And He hid not that face, that face of beauty, those lips of
love were covered with the spittle of men. It is just extraordinary, isn't
it? It is just extraordinary how
we need to be reminded again and again of the physical sufferings
of our Lord Jesus. We won't know and we won't appreciate
Him until the reality of what happened to Him at that time
becomes a living reality And the Lord Jesus stooped so
low. He stooped to the very depths
of ignominy. There is no more insulting thing
you can do to a person, and especially in the Eastern world, but no
doubt in our world as well, than to spit upon them. It's a shocking,
shocking thing. and the punishment for it, in
the Old Testament law, was as severe as the most heinous of
crimes. To spit on someone is to bring
upon them the most extraordinary shame. I think one of the things
that's remarkable is that in the in the Gospels, in the New
Testament and in the Old Testament. Everywhere we have in the Gospels
we have this wonderful picture of substitution. The Lord Jesus
standing in my place. The Lord Jesus bearing what I
deserved, what I earned. The Lord Jesus carrying my sins
as his own. But not only did he carry the
sins, he carried the shame, he carried the ignominy of what
we had done. And Hebrews says that He has
cleansed our consciences. It's a remarkable thing, isn't
it, that the Lord Jesus suffered all that our sins deserved. And He suffered it bearing the
wrath of His Father and bearing the shame The shame of the ignominy
of being treated with contempt. That God's children would never
feel shame. He bore not only our sins, but
He bore the guilt of them. Hebrews 9.14 says, How much more
shall the blood of Christ, who through the eternal Spirit had
offered Himself without spot to God, purge your conscience,
what it is to lie down on your pillow at night after a day of
sin and wickedness, and seeing that you've done nothing, and
have nothing and are nothing, to lie down on your pillow at
peace with God. Have you sinned? Absolutely. Are the sins grievous and hurtful
and are there consequences? Absolutely. But the Lord Jesus
has put them away and God will never remember them ever again.
God has borne the shame of your sins. God has purged the consciences
of His people. He's purified our consciences
from dead works to serve the living God.
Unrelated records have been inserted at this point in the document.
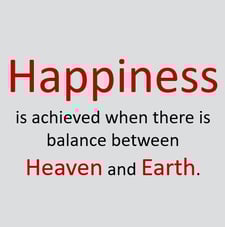 Happiness is achieved when there is balance between heaven and earth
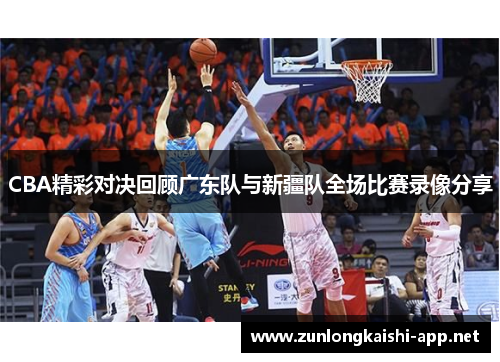 CBA精彩对决回顾广东队与新疆队全场比赛录像分享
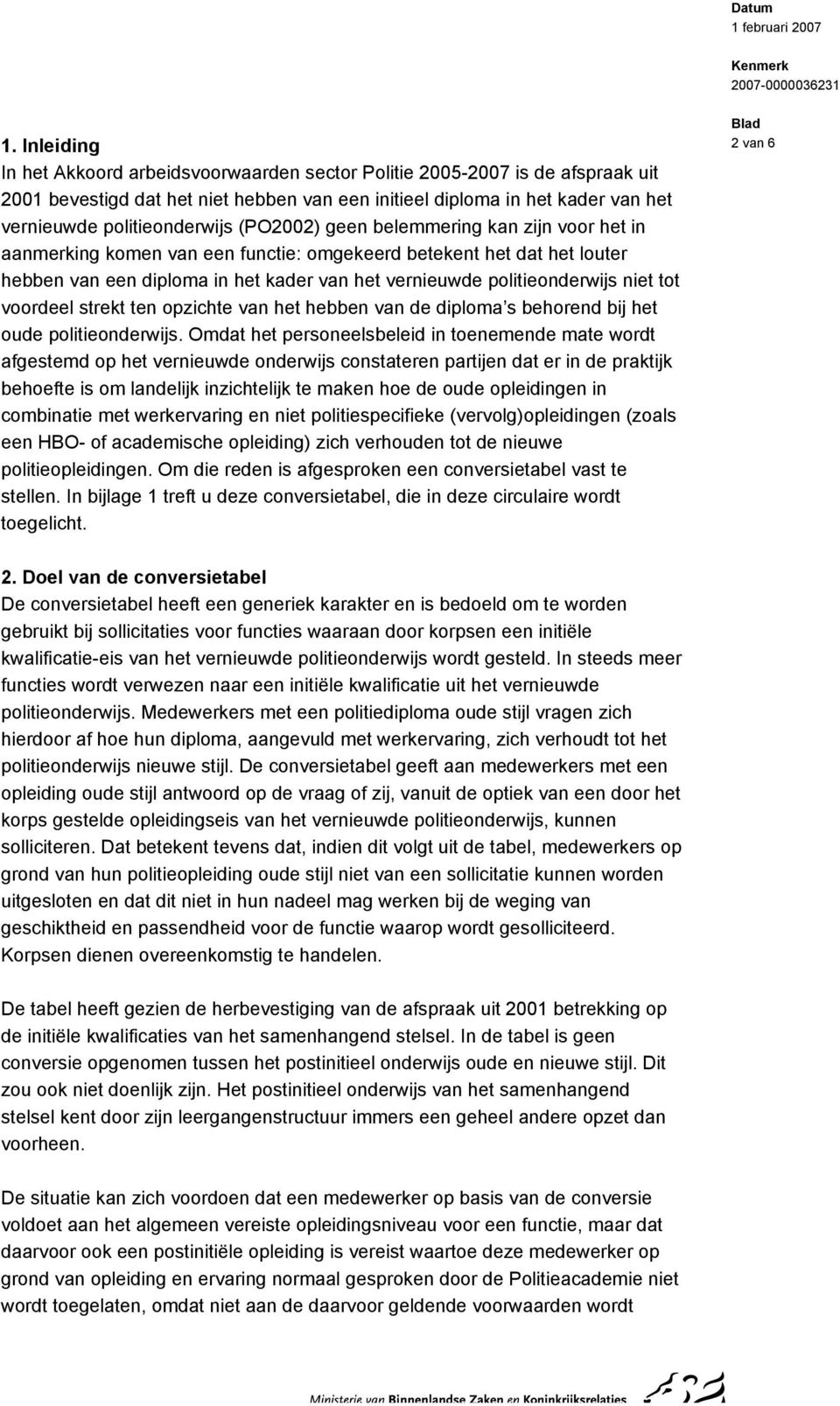 voordeel strekt ten opzichte van het hebben van de diploma s behorend bij het oude politieonderwijs.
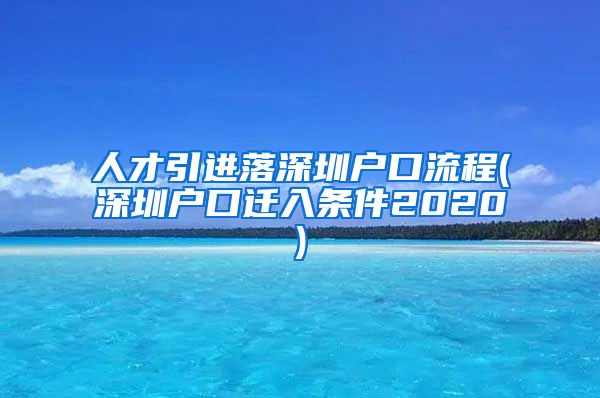 人才引进落深圳户口流程(深圳户口迁入条件2020)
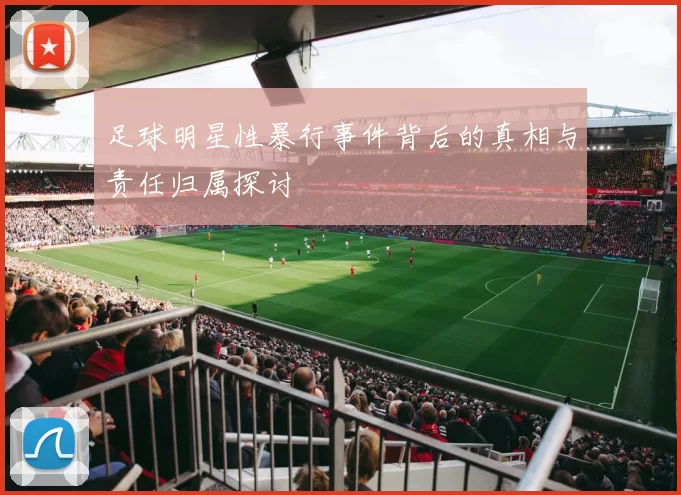 足球明星性暴行事件背后的真相与责任归属探讨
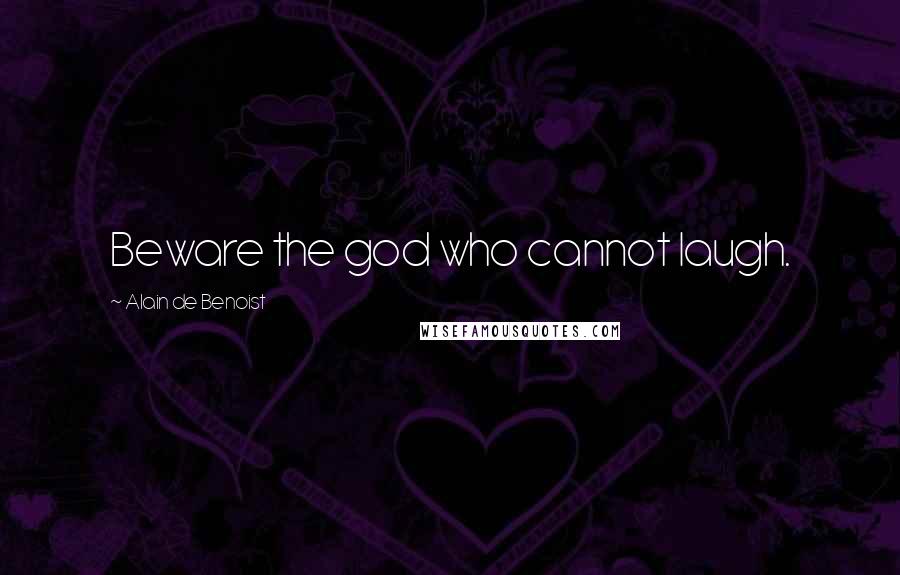 Alain De Benoist Quotes: Beware the god who cannot laugh.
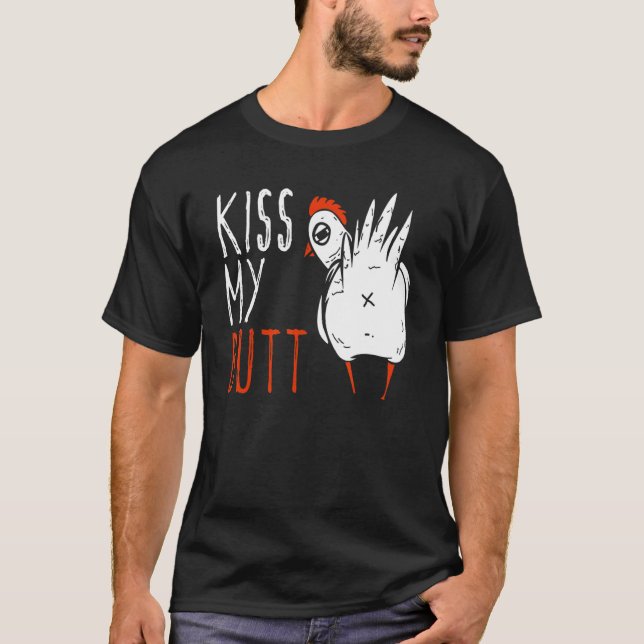 T-shirt Embrasse Mon Cul Drôle D'élevage De Poulets (Devant)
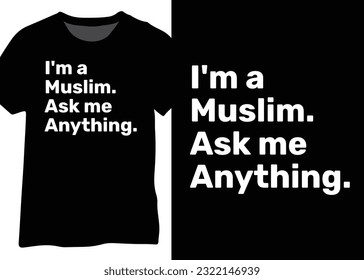 I'm A Muslim. Ask Me Anything. Muslim Motivational Quotes, Muslim Typography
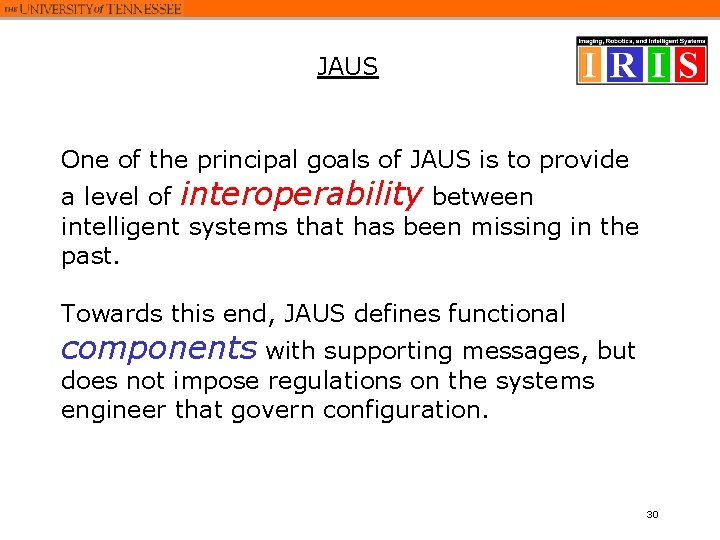 JAUS One of the principal goals of JAUS is to provide a level of JAUS One of the principal goals of JAUS is to provide a level of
These cheeks, no
wonder she says, these cheeks, as a bed of spices and sweet
flowers. These cheeks that were so shamed
in this world are a bed of spices and sweet flowers. There is in
the cheeks of the Lord Jesus both sweetness and beauty, spice
for fragrance and flowers for loveliness. There is in the Lord
Jesus, in those cheeks that were plucked of their hair, there
is the smell of redemption, and there is in the Lord Jesus the
savour of life. I love the way she talks in the
plural so often, in verse 12, it talks about His eyes are the
eyes of doves by the rivers of waters, His cheeks are as a bed
of spices, as sweet flowers. There is a beautiful, bountiful
plurality in the things of God, aren't there? The sweet flowers
means in the Hebrew, towels of perfume. It probably refers to
raised gardens. And so there is an infinite abundance,
an infinite variety. In Christ there is something
for every spiritual sense. And for every need that we have,
there is delightful and complete satisfaction. One of his names
is, he is all desires. What a beautiful name for him. It is good to know, isn't it,
as we saw last week. It's good to know that our Lord
sits and reigns over this universe, over the thoughts and the activities
of men, as a sovereign for the good of His people and the glory
of His name. It's good to know also that our
God is involved in an intimate union with His people. He never
leaves them nor forsakes them. Has He abandoned Isabel? He can't. He can't leave the ones He loves. Is there pain? Is there real
suffering in this world? There is indeed. But He, He provides A beautiful
balm and a suitable balm for every wound. See there's a bed
of spices. It's a bed of all of these spices.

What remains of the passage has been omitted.